21. Admittedly the State has to pass the test of discharge its burden whether the impugned enactment facially or patently indicates quantifiable data on the basis of which compensatory tax is sought to be levied. Hon'ble Supreme Court in the case of Jindal Stainless Ltd. (2) and Ano. held that, the Act must facially indicate the benefit which is quantifiable or measurable and it must broadly indicate proportionality to the quantifiable benefit and if the provisions are ambiguous or even it the Act does not indicate facially the quantifiable benefit, the burden will be on the State as a service/facility provider to show by placing the material before the Court that the payment of compensatory tax is a reimbursement/recompense for the quantifiable or measurable benefit provided or to be provided to its prayer(s). Hon'ble Supreme Court further held that since if it is shown that the Act invades freedom of trade, it is necessary to enquire whether the State has proved that the restrictions imposed by it by way of taxation are reasonable and in public interest within the meaning of Article304(b). To justify the validity of the Act of 2011, though in the counter, it has been stated that the Act of 2011 is entirely different than the earlier enactment, but we are of the considered opinion that there is no difference between the earlier enactment and the present Act of 2011, except that it is an Act of 2011 and provision of utilization of fund of tax has been made in the Act itself, whereas in earlier enactment, fund was created by separate notification dated 29.3.2008. The notification dated 29.3.2008 issued under the Act of 2007 is as follows:-

“FINANCE DEPARTMENT

Notification S.O 48 dated the 29th March,

2008/930/FD

In exercise of the powers conferred by the clause (xxiA) of section 2 read with section 11 of the Jharkhand Value Added Tax Act, 2005 (Jharkhand Act 5 of 2006) as amended by (Act 3 of 2008) which prescribes for levy and collection of tax on import price(s) on entry of goods mentioned in Third Schedule of the Act into the State or into a local area for consumption, use or sale therein subject to conditions as may be prescribed and also other conditions laid down under sub-sections (2) and (3) of section 11 and all other enabling powers in this behalf, the Governor of Jharkhand is pleased to create a fund to be known as the Jharkhand Trade Development Fund (hereinafter called the 'Fund').

2. The proceeds of the entry tax levied and collected under section 11 of the Jharkhand Value Added Tax Act, 2005 (Jharkhand Act 5 of 2006) shall be appropriated into the 'Fund'.

3. The proceeds of the 'Fund' shall be exclusively utilized or facilitating trade, commerce and industry throughout the State of Jharkhand which shall include the following:

(a) construction, development and maintenance of roads and bridges for linking the market and industrial areas to their hinterlands,

(b)providing finance, aids, grants and subsidies for development of infrastructure to facilitate free movement of goods;

(c) creating infrastructure for supply of electrical energy and water supply to augment trade and commerce in the State;

(d) creation, development and maintenance of other infrastructure for the furtherance of trade, commerce and industry in general.
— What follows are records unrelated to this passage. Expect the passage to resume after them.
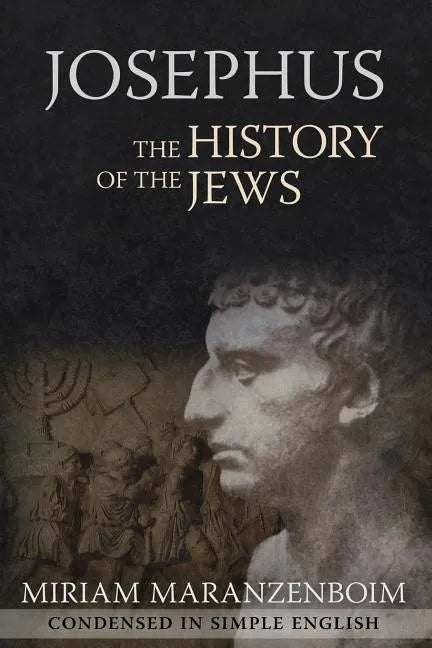 Josephus: The History of the Jews Condensed in Simple English - Paperback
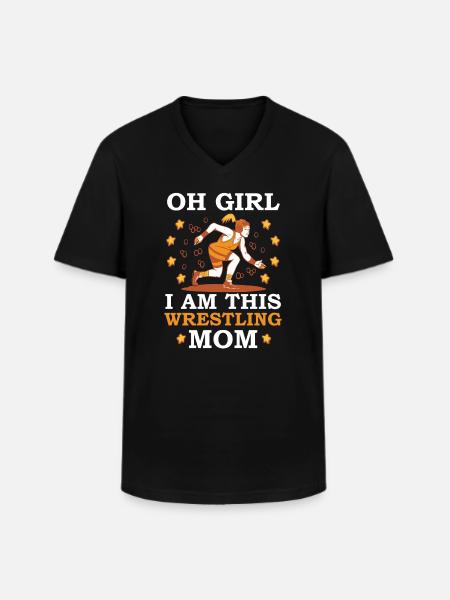 Oh Girl I Am This Wrestling Mom - Men's V-Neck T-Shirt - black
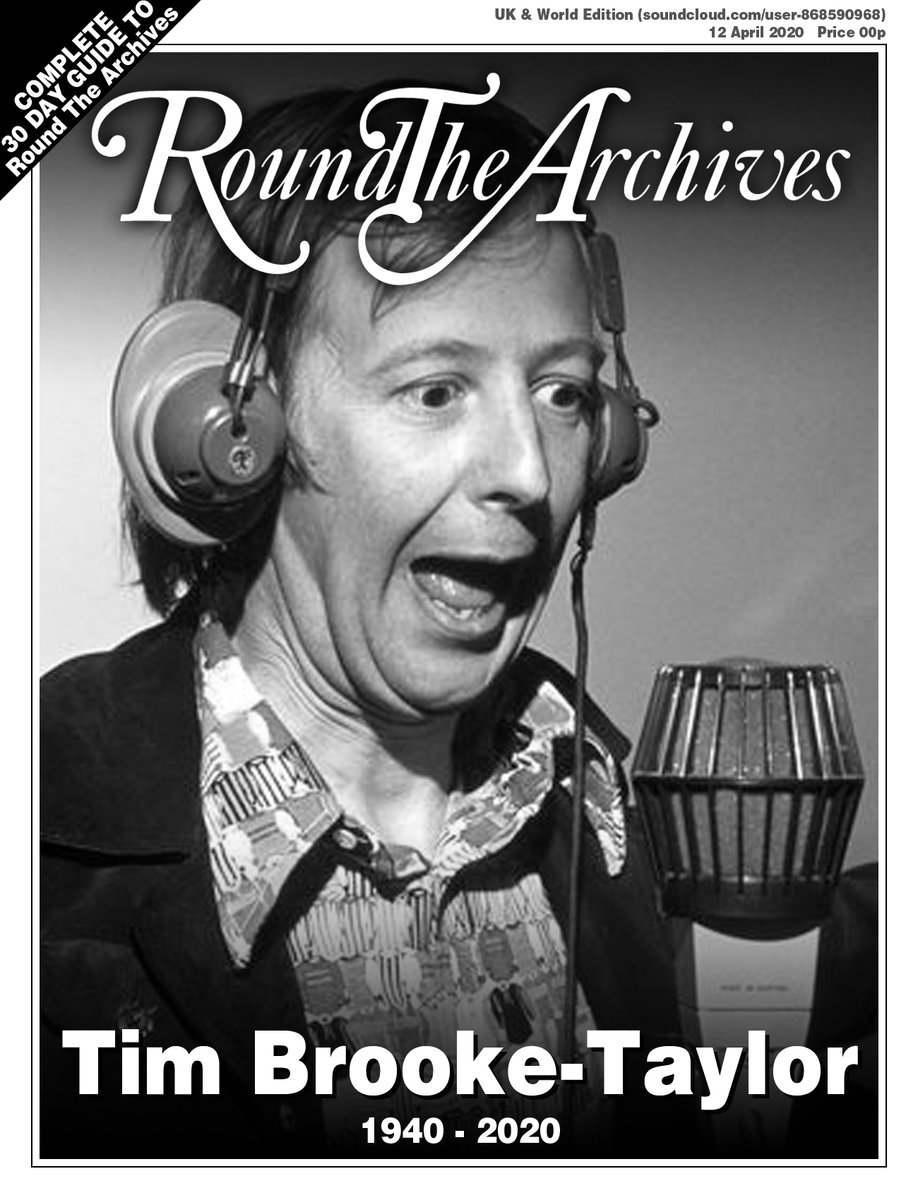 Round The Archives A Tribute To Tim BrookeTaylor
4. There shall be constituted a High Level Committee under the Chairmanship of the Chief Secretary for specifying the manner in which the proceeds of the 'Fund' shall be utilized. The Committee shall be consisting of a Chairman, a Member-Secretary and the following ex-officio members:-

(a) Chief Secretary, Jharkhandex-officio Chairman
(b) Finance Secretary, JharkhandMember, Secretary
(c) Secretary-cum-Commissioner, Commercial Taxes, Department, Govt. of JharkhandCo-ordinator
(d) Secretary, Road Construction Department, Govt. of Jharkhandex-officio Member
(e) Secretary, Agriculture and Sugarcane Department, Govt. of Jharkhandex-officio Member
(f) Secretary, Industries Deptt. Govt. of Jharkhandex-officio Member
(g) Secretary, Energy Deptt. Govt. of Jharkahndex-officio Member
(h) Secretary, Drinking Water and Sanitation Deptt. Govt. of Jharkhandex-officio Member
5. The headquarter of the said Committee shall be at Ranchi.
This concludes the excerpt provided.